Theatre of Cruelty
Dictionary Definition:
drama emphasizing cruelty of human existence:a form of surrealist drama emphasizing that human beings live in a threatening world with precarious moral values

Practitioners- Antonin Artaud, Peter Brook, Jerzy Grotowski, Sarah Kane, Pina Bausch, Caryl Churchill

Key is to communicate in a language beyond speech; using groans, chants, grotesque movements, non-traditional theatre spaces, bright flashing lights, involving the audience in the action, shocking them with content.

Cruelty is to the actor- the commitment you have to give to the performance in order to get the desired effect on an audience is cruel to you, the performer. Even your breathing needs to be directed.

Plays to search on youtube- Marat/ Sade, Spurt of Blood, 4.48 Psychosis, Balinese Arja Theatre, Pina Bausch

Books- Theatre and its Double (Artaud), Empty Space (Peter Brook), Blows and Bombs- Artaud’s Theatre (Barber), In-yer-face Theatre- British Drama Today

Notes from a Theatre of Cruelty
by ANTONIN ARTAUD

I employ the word "cruelty" in the sense of an appetite for life, a cosmic rigor, an implacable necessity, in the gnostic sense of a living whirlwind that devours the darkness; it is the consequence of an act. Everything that acts is a cruelty. It is upon this idea of extreme action, pushed beyond all limits, that theatre must be rebuilt.

Gifted actors find by instinct how to tap and radiate certain powers; but they would be astonished if it were revealed that these powers, which have their material trajectory by and in the organs, actually exist, for they never realized that these sources of energy actually exist in their own bodies, in their organs.

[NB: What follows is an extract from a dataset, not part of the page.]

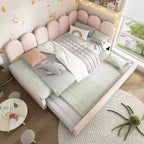 Zeus & Ruta Twin Size Velvet Upholstered Daybed with Pull-Out Bed & Metal Slat Frame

Psychology, which works relentlessly to reduce the unknown to the known, to the quotidian and the ordinary, is the cause of the theater's abasement and its fearful loss of energy, which has finally reached its lowest point.

The belief in a fluid materiality of the soul is indispensable to the actor's craft. To know that a passion is material, that it is subject to the plastic fluctuations of the material, makes accessible an empire of passions that extend our sovereignty.

Furthermore, when we speak the word "life", it must be understood we are not referring to life as we know it from the surface of fact, but to that fragile, fluctuating center which forms never reach. And if there is one hellish, truly accursed thing in our time, it is our artistic dallying with forms, when instead we should become as victims burning at the stake, signaling each other through the flames.

And what is infinity ? We do not know exactly. It is a word we use to indicate WIDENING of our consciousness towards an inordinate, inexhaustible feasibility.

To make metaphysics out of a spoken language is to make the language express what it does not ordinarily express. It is to make use of it in a new, exceptional and unaccustomed fashion; to reveal its possibilities for producing physical shock; to deal with intonations in an absolutely concrete manner, restoring their power to shatter as well as to really manifest something and finally, to consider language as Incantation.

The true purpose of the theatre is to create Myths, to express life in its immense universal aspect, and from that life to extract images in which we find pleasure in discovering ourselves.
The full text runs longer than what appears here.